> _Task description_: Your response should be a copy of each line in the listing below that includes the word "Property".

> _Data to process_:
#####

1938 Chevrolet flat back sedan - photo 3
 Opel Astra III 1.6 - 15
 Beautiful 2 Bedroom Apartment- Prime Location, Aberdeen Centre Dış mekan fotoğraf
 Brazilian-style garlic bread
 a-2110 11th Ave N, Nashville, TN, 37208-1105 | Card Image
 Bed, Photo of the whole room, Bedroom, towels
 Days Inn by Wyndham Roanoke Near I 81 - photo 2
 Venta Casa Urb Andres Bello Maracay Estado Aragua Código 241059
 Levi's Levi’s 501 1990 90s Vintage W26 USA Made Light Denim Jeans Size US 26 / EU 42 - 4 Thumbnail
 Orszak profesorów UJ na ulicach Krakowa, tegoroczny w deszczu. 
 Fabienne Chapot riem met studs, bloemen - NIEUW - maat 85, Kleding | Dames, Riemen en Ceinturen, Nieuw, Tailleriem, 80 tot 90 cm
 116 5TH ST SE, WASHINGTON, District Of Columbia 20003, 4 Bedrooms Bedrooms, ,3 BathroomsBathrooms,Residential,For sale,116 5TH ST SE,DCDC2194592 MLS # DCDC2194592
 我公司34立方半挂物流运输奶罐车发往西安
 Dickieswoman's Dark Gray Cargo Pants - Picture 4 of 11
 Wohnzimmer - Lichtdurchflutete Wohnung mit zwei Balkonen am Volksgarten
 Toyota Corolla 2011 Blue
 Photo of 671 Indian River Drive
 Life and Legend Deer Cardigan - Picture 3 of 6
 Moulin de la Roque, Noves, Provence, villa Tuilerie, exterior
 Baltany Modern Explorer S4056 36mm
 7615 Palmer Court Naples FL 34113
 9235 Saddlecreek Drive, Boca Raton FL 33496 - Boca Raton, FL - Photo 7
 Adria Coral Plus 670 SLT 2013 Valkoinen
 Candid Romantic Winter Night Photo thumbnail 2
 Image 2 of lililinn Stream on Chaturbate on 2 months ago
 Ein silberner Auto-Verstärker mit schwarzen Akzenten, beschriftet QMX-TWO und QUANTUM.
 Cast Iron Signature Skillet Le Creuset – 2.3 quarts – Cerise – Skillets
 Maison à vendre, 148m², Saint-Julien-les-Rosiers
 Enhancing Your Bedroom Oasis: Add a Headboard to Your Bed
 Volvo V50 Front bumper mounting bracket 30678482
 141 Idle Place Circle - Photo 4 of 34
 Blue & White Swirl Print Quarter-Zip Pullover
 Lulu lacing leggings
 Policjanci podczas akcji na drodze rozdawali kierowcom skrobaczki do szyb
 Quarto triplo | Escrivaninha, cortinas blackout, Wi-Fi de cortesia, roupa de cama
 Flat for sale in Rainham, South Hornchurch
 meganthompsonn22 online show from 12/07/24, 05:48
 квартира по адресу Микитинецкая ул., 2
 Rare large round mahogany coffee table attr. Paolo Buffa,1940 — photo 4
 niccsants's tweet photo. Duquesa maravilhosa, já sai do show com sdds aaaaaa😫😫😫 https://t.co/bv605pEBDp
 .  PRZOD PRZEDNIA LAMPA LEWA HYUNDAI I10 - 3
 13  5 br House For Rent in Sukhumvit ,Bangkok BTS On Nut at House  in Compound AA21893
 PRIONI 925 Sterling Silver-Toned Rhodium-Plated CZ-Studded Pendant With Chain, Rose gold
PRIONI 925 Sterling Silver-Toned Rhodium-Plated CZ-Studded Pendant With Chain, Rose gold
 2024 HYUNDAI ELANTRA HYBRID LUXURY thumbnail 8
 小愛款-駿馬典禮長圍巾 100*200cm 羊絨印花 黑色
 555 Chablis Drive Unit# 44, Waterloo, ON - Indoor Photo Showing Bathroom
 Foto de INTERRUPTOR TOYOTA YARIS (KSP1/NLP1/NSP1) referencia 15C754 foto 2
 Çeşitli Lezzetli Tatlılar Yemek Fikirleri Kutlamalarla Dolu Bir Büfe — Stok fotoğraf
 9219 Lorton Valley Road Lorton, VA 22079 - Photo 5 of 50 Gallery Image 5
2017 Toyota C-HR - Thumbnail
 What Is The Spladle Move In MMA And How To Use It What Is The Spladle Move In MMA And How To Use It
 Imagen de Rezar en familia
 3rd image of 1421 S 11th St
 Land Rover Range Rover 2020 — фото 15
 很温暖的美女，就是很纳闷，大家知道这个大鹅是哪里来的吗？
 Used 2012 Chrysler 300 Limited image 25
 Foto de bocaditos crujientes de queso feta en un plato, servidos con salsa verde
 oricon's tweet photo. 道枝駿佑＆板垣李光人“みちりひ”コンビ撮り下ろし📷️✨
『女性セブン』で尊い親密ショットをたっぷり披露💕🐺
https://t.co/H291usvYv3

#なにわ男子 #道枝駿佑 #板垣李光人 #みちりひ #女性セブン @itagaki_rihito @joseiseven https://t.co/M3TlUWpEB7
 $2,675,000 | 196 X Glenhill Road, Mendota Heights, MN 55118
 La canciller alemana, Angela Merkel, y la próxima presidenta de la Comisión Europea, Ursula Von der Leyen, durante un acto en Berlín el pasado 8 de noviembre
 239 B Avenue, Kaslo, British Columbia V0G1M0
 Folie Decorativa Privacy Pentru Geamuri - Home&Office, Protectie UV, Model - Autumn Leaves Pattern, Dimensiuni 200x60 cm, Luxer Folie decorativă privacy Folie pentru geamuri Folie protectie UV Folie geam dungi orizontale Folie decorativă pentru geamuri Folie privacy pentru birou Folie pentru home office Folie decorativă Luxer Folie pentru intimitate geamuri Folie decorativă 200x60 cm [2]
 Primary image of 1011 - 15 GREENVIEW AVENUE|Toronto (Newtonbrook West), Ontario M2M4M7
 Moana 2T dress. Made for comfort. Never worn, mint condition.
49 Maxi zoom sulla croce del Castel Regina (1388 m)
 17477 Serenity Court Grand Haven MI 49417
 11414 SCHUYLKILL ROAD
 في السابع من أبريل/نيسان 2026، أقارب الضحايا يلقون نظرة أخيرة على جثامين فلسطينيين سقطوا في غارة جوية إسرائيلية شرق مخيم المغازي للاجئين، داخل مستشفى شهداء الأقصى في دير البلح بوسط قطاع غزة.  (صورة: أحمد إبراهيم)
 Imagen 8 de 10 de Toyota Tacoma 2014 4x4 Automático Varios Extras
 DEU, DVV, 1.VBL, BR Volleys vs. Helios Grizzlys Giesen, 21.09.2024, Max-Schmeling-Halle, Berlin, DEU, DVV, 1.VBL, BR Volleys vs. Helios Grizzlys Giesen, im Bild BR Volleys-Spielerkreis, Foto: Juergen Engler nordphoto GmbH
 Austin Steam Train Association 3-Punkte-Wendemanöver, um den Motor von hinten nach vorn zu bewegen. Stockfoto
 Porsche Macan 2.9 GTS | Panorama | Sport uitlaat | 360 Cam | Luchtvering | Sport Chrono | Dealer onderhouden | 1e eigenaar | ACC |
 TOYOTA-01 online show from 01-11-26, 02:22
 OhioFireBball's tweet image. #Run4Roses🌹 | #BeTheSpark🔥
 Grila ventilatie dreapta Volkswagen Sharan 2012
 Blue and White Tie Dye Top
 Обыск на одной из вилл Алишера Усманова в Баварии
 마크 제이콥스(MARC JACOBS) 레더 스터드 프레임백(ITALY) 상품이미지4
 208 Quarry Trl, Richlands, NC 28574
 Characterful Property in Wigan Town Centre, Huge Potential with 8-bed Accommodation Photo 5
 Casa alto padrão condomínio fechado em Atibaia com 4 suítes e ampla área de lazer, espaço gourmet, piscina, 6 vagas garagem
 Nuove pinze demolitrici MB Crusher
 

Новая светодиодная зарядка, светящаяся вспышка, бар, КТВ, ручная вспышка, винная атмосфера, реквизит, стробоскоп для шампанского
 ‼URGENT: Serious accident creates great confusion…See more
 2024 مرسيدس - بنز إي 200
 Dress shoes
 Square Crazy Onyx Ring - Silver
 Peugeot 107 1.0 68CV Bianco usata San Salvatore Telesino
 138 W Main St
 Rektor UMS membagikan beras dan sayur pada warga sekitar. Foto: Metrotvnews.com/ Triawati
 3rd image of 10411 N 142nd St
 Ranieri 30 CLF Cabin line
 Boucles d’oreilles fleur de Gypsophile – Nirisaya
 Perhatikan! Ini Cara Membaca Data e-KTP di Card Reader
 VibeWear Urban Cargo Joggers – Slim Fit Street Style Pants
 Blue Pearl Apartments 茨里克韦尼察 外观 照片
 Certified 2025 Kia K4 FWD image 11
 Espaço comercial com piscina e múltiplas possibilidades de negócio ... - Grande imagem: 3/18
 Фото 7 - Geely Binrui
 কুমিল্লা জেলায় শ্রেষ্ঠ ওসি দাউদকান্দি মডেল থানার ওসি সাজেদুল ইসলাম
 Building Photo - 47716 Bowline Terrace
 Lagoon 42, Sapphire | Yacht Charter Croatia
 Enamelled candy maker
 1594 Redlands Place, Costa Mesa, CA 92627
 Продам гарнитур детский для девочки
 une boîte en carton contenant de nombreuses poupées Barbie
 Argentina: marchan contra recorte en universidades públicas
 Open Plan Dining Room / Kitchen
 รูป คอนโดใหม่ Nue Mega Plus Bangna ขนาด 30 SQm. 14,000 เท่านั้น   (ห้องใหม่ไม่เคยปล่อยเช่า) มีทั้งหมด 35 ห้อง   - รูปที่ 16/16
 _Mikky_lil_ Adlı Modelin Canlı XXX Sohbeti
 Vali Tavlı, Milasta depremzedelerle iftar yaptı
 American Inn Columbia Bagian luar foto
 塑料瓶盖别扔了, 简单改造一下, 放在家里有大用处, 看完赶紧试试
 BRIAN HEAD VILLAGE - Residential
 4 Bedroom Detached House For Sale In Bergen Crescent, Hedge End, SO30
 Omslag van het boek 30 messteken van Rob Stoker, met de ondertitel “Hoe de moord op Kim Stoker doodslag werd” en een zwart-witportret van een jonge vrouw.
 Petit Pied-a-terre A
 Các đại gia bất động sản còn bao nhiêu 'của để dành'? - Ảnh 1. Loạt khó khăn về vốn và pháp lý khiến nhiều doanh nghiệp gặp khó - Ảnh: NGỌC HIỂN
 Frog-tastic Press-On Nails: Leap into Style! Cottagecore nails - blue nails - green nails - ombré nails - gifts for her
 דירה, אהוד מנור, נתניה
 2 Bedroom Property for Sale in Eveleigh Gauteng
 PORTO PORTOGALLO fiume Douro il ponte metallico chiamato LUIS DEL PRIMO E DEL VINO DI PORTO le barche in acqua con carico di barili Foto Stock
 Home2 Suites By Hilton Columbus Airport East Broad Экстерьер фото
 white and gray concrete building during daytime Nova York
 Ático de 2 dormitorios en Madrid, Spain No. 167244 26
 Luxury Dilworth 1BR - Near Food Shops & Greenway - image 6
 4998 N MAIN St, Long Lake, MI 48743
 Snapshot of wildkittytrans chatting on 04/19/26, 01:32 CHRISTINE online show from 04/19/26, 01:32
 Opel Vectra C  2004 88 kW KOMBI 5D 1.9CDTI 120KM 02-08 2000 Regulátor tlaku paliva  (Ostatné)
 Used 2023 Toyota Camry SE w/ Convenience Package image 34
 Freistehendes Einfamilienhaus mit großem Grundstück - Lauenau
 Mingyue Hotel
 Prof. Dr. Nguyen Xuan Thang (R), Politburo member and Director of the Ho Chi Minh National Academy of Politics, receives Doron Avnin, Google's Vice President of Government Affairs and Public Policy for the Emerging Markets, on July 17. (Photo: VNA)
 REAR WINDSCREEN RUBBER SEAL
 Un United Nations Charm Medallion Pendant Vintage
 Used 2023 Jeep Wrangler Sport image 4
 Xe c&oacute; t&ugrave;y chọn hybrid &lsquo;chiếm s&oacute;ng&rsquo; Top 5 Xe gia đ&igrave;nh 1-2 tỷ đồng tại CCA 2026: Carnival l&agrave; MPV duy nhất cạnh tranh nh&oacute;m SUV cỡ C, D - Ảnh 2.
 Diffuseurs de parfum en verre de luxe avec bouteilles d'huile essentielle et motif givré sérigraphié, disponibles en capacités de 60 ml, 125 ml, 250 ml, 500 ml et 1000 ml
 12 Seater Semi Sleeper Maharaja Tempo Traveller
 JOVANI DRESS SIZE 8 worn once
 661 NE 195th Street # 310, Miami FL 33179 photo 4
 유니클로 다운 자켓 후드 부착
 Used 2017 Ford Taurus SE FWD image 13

#####

> _Task output_:
 Characterful Property in Wigan Town Centre, Huge Potential with 8-bed Accommodation Photo 5
 2 Bedroom Property for Sale in Eveleigh Gauteng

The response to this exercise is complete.